▶ _WORK TO COMPLETE_
With the images excluded, set down every line of the listing below exactly.

───

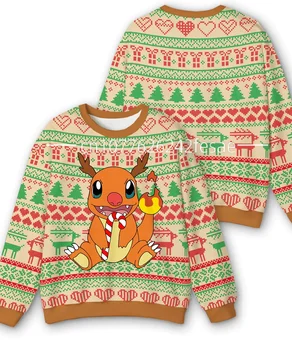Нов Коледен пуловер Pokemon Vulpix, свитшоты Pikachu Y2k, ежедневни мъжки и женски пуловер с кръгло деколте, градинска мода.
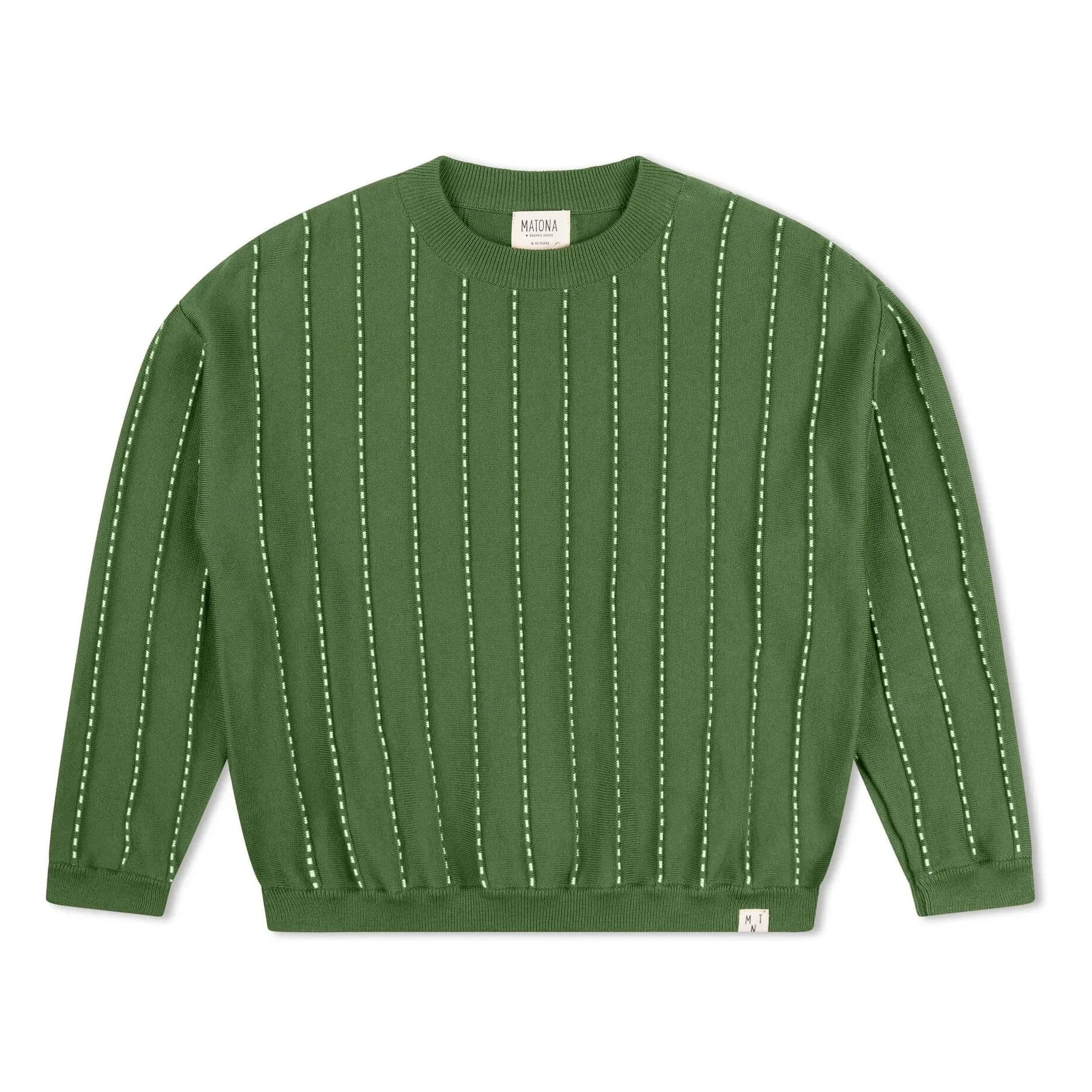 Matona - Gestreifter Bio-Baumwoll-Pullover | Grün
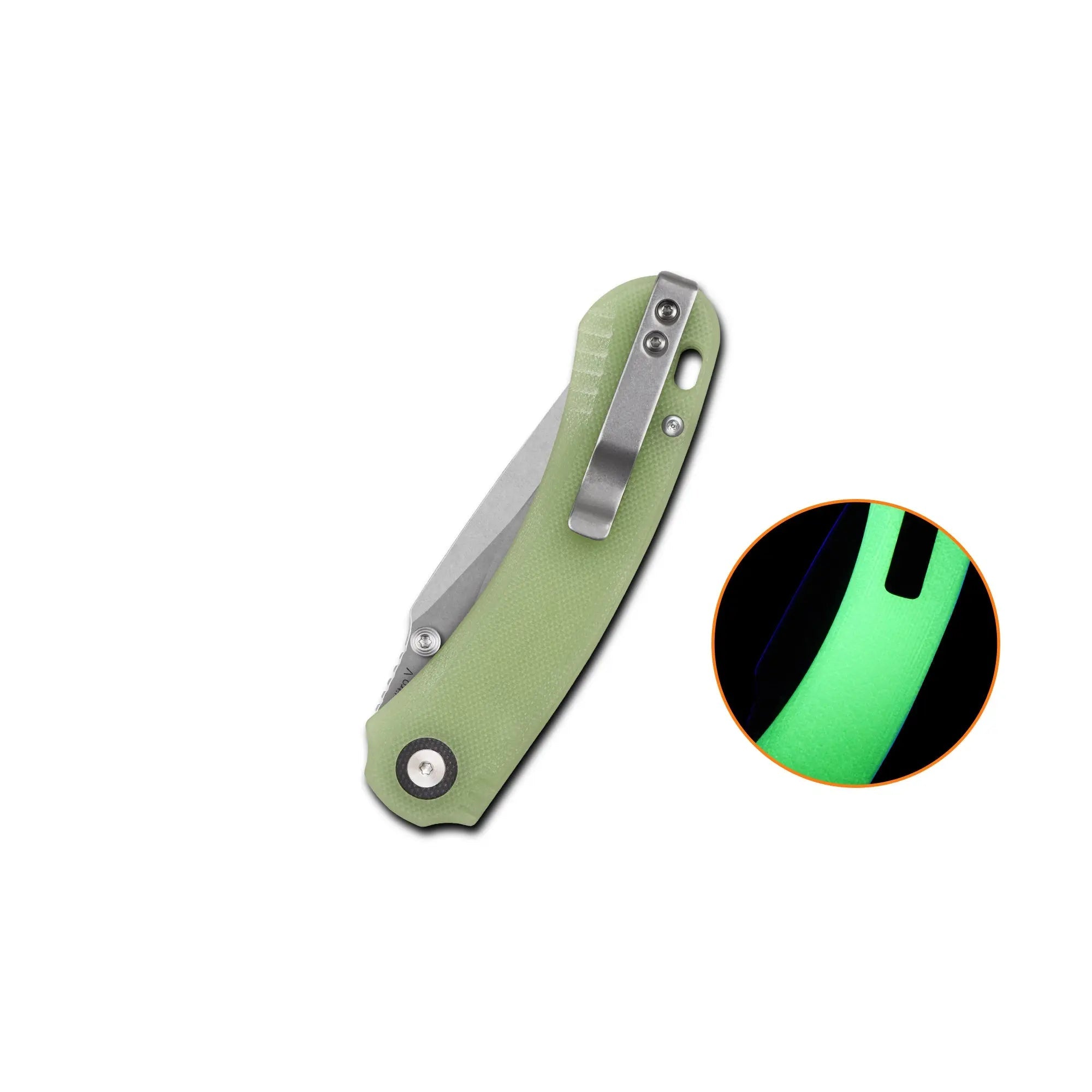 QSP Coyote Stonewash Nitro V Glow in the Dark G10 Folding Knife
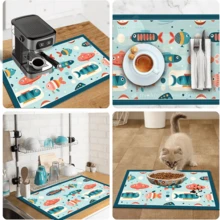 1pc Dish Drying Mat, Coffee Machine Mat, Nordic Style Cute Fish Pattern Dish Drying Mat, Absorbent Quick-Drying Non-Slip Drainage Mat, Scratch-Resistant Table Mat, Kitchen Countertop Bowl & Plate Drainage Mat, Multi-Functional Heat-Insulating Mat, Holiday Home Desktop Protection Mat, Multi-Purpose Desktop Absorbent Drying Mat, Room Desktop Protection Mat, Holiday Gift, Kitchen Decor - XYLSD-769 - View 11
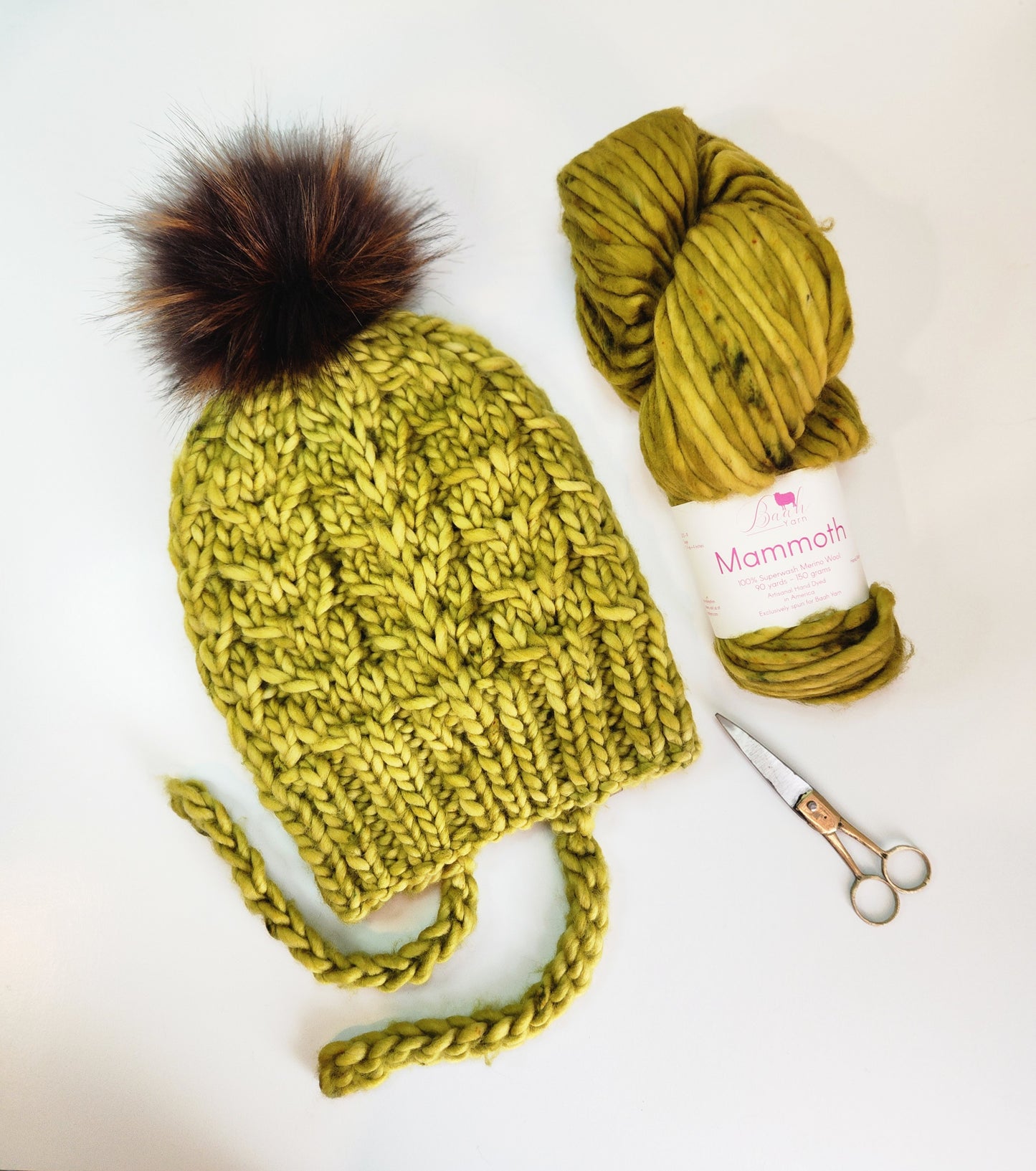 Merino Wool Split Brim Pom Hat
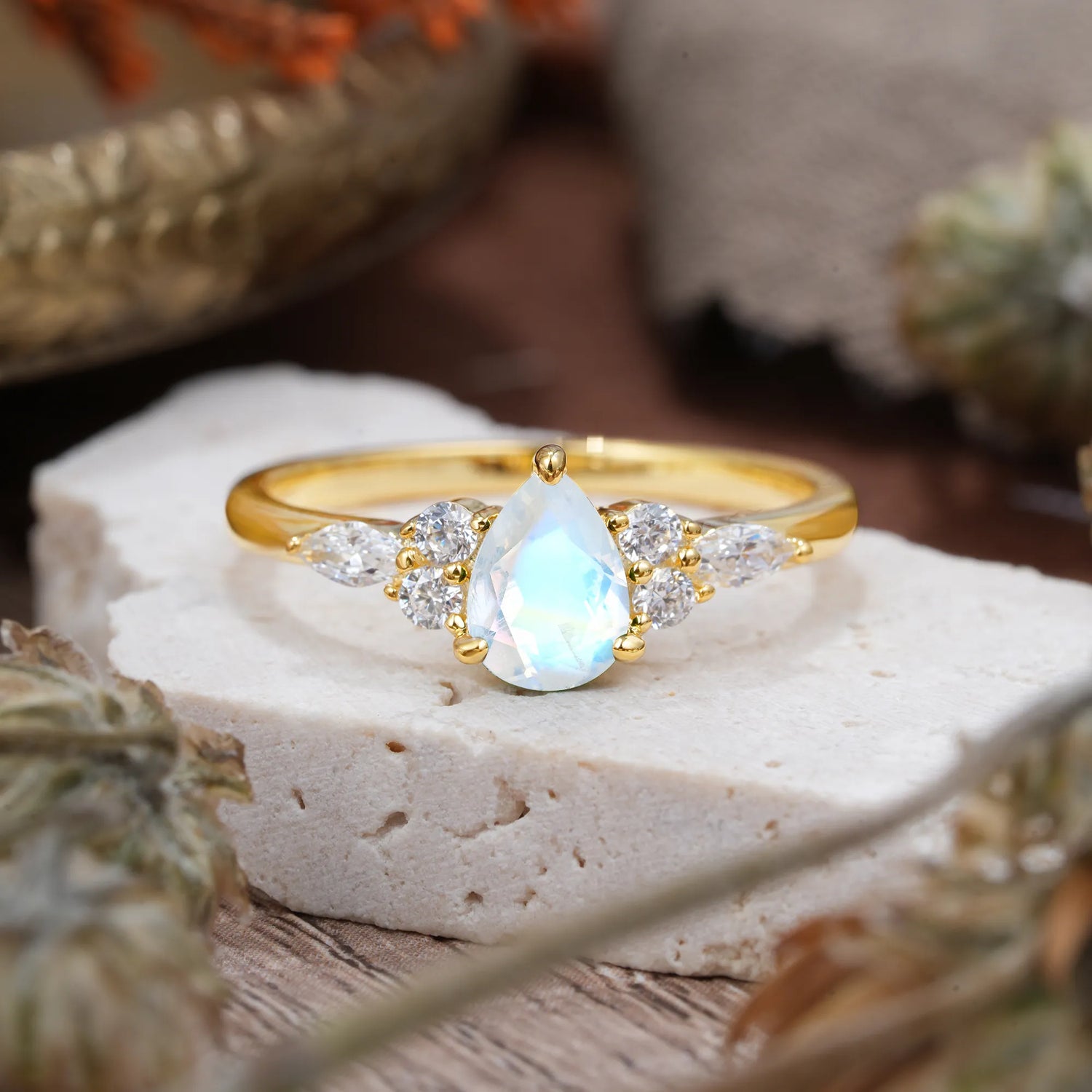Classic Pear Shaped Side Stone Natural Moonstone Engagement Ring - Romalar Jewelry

───

▶ _RESPONSE TO THIS TASK_
Нов Коледен пуловер Pokemon Vulpix, свитшоты Pikachu Y2k, ежедневни мъжки и женски пуловер с кръгло деколте, градинска мода.
 Matona - Gestreifter Bio-Baumwoll-Pullover | Grün
 QSP Coyote Stonewash Nitro V Glow in the Dark G10 Folding Knife
 1pc Dish Drying Mat, Coffee Machine Mat, Nordic Style Cute Fish Pattern Dish Drying Mat, Absorbent Quick-Drying Non-Slip Drainage Mat, Scratch-Resistant Table Mat, Kitchen Countertop Bowl & Plate Drainage Mat, Multi-Functional Heat-Insulating Mat, Holiday Home Desktop Protection Mat, Multi-Purpose Desktop Absorbent Drying Mat, Room Desktop Protection Mat, Holiday Gift, Kitchen Decor - XYLSD-769 - View 11
 Merino Wool Split Brim Pom Hat
Classic Pear Shaped Side Stone Natural Moonstone Engagement Ring - Romalar Jewelry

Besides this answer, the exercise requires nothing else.